The total value of power deals in the non-renewable electricity and gas sectors amounted to USD 116 billion in 2010, up 19 percent from 2009 levels, according to PwC’s annual Power Deals review.
Compared to the heady mountain of power deals transacted between 2005 and 2008, deal values remain low but conditions are in place for a return at least to the foothills of these peaks, according to the PwC’s report.
“In Romania, transactions will come most likely in the field of renewable energy, especially after the legal framework in this area will become clear. We may also expect that major European players to decide to invest in conventional energy generation capacities, taking into account that the electricity demand in the future years cannot be covered from renewable sources only”, said Alexandru Lupea, Partner, Assurance Services, Energy, Utilities and Mining Industry Group Leader with PwC Romania.
Expansion remains high on the agenda for a number of European companies as they weigh up moves to step up their international presence.
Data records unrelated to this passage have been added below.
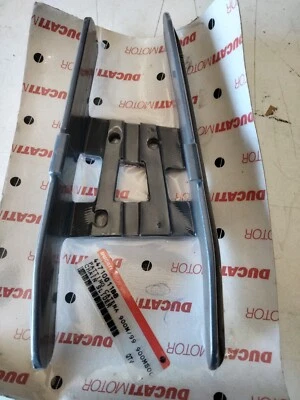 Ducati Monster 900 E 888 Pattino Catena Cod 44710011BB - Immagine 1 di 3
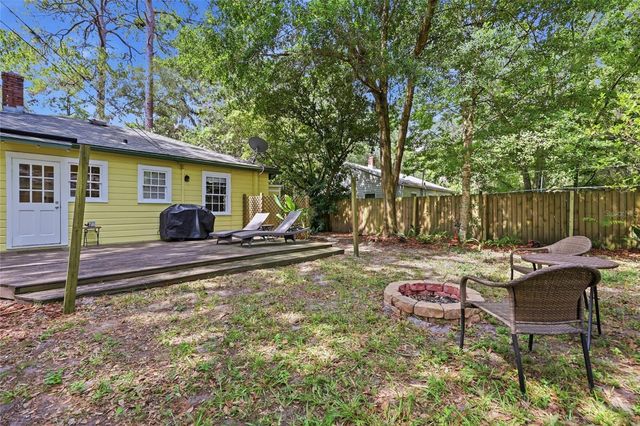616 NW 8TH PLACE, Gainesville, FL 32601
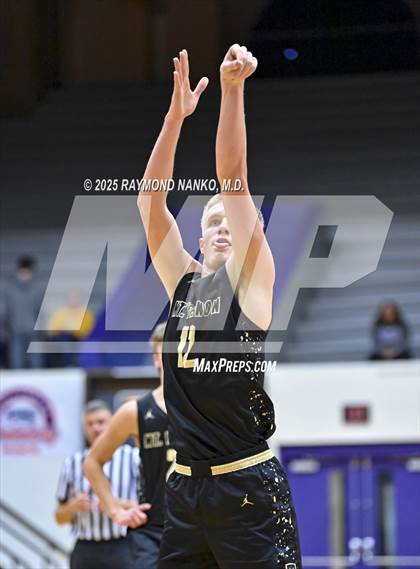 Thumbnail 1 in Mt. Vernon vs. Richmond (IHSAA 4A Section 9 First Round)  photogallery.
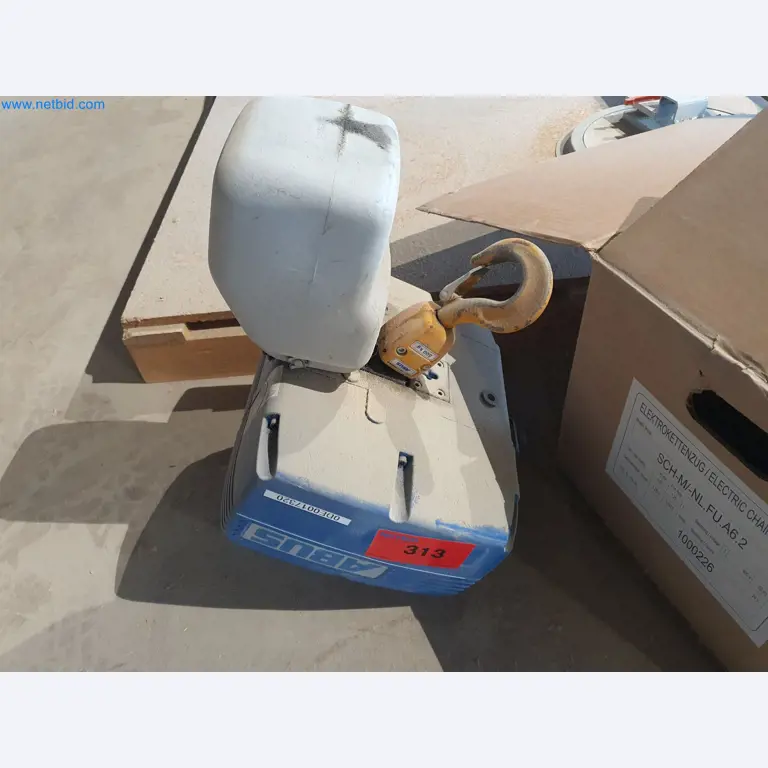 Holzbearbeitende- und metallbearbeitende Maschinen und Warenlager eines Fertighausherstellers -1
For example, IP and GDF Suez have signalled that their merger will result in an initial period of rationalisation across their combined portfolio, followed by expansion in key growth markets.
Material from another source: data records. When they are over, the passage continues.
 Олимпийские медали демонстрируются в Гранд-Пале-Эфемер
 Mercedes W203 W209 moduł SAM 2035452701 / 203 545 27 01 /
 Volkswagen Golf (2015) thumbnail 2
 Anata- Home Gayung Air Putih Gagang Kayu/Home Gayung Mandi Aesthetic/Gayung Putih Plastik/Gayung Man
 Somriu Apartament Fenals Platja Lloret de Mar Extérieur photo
“The trend towards global power deals, with cross continental acquisitions, will potentially step up a gear in 2011 as for example with Asia Pacific, the focus of deal activity has switched to encompass more investment in targets outside the region . Also, the reaction to date of US regulators to the 2010 announced deals, suggests that the door is now more open to a greater flow of regulated utility deals”, concluded Lupea.